I decided to approach mentoring Christine the way I had approached teaching college writing many years before. I would create assignments that focused on various aspects of effective writing, in this case effective writing for the Web: clarity, relevance, brevity, scannability, consistency, accuracy, and good integration with design.
It didn't take long for Christine to protest. After two assignments, she told me that she felt she was wasting her time not doing "real work." I explained that, for a writer, all writing is "real work," that no act of writing is ever a waste of time.
But I could tell she didn't buy it, and the truth was that I had too much to do and needed her help.
So I gave her a real project. In the previous month, our company had hired nine employees from all over the country. I asked Christine to write a 250-word article with the working title "Cross-Country Hiring Blitz." I suggested that each new hire get a bullet point 20-22 words long and that the introduction and conclusion together total 60 words or so.
Her first draft didn't hit the mark:
So I marked it up, we talked about it, and she revised it. I edited her revised version, and she revised it again.
By the time the article had gone through four iterations, it was clear, relevant, concise, scannable, consistent, and accurate. I suspect it was the most arduous 250 words Christine had ever written, but she had an excellent article to show for it.
Then word came from the company's president: The article contained information he didn't want competitors, headhunters, or the press to read.
And so, though it was possibly the finest piece Christine had ever written, it never got published.
For a veteran copywriter, it was all in a day's work, but Christine was irate. "All that work for nothing," she fumed.
"Not true," I told her. "Writing is never a waste of time.
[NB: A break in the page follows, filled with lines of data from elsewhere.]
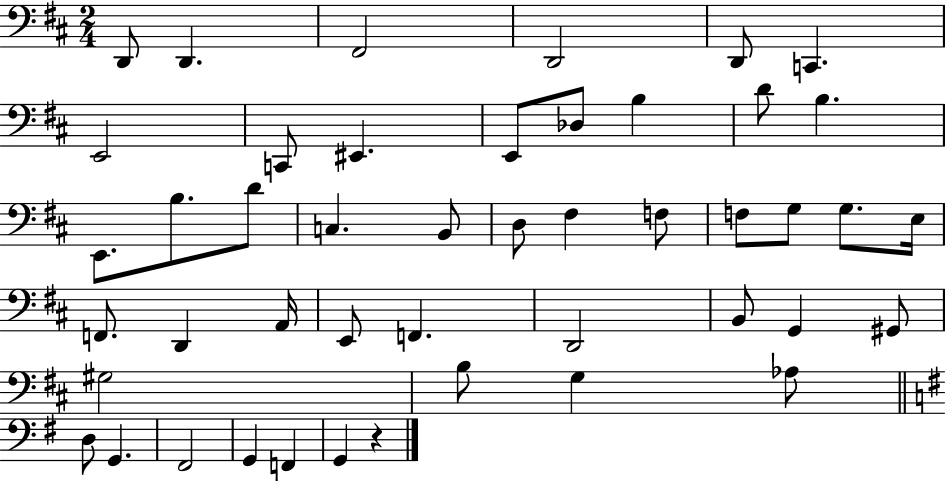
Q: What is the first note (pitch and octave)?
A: D2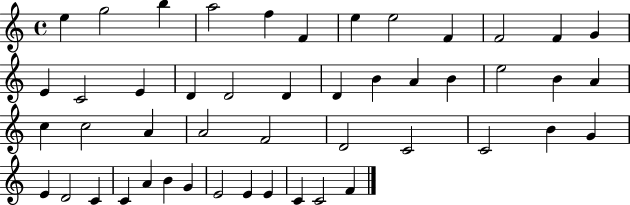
E5/q G5/h B5/q A5/h F5/q F4/q E5/q E5/h F4/q F4/h F4/q G4/q E4/q C4/h E4/q D4/q D4/h D4/q D4/q B4/q A4/q B4/q E5/h B4/q A4/q C5/q C5/h A4/q A4/h F4/h D4/h C4/h C4/h B4/q G4/q E4/q D4/h C4/q C4/q A4/q B4/q G4/q E4/h E4/q E4/q C4/q C4/h F4/q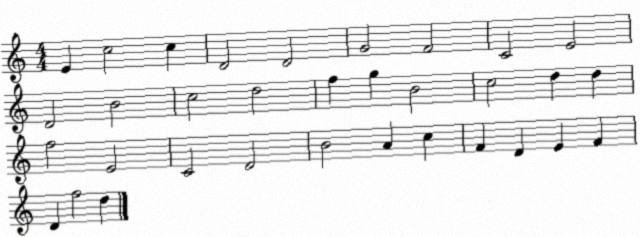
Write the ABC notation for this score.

X:1
T:Untitled
M:4/4
L:1/4
K:C
E c2 c D2 D2 G2 F2 C2 E2 D2 B2 c2 d2 f g B2 c2 d d f2 E2 C2 D2 B2 A c F D E F D f2 d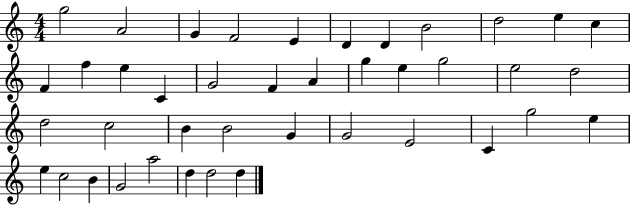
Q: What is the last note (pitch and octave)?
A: D5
Every minute you spent on that article made you a tighter writer."
I don't know whether I convinced her -- she left the company soon after.
Two weeks ago, I attended the CHI 2001 Conference on Human Factors in Computing Systems. I was sitting in a ballroom waiting for a panel to begin when Steve Krug, author of "Don't Make Me Think! A Common Sense Approach to Web Usability," walked in and sat several rows in front of me. I'd attended one of his seminars, read his book, talked about him in an article, and exchanged a few emails with him, but I'd never met him.
I moved up to his row and sat three seats away. As the panel started, I pulled out a business card and began writing a note to him to introduce myself. Simple enough, you'd think. But I wrote five drafts of that note on five business cards before I was satisfied with it.
It may have been a waste of business cards, but it wasn't a waste of time. You should have seen the smile on his face when he read it.
Whether it's a five-draft article that never gets published or a five-draft note scribbled on a business card, nothing writers write is a waste of time.
And it was my husband who taught me that it isn't a catastrophe when my laptop crashes and I lose an hour's worth of revisions. "Whatever you're writing always turns out better when that happens," he tells me. And frustrating as laptop crashes are, I know he's right.
Because for writers, the act of writing is an end in itself. Writers must write continually to write well.
"Being a writer," said writer/producer/director Lawrence Kasdan, "is like having homework every night for the rest of your life."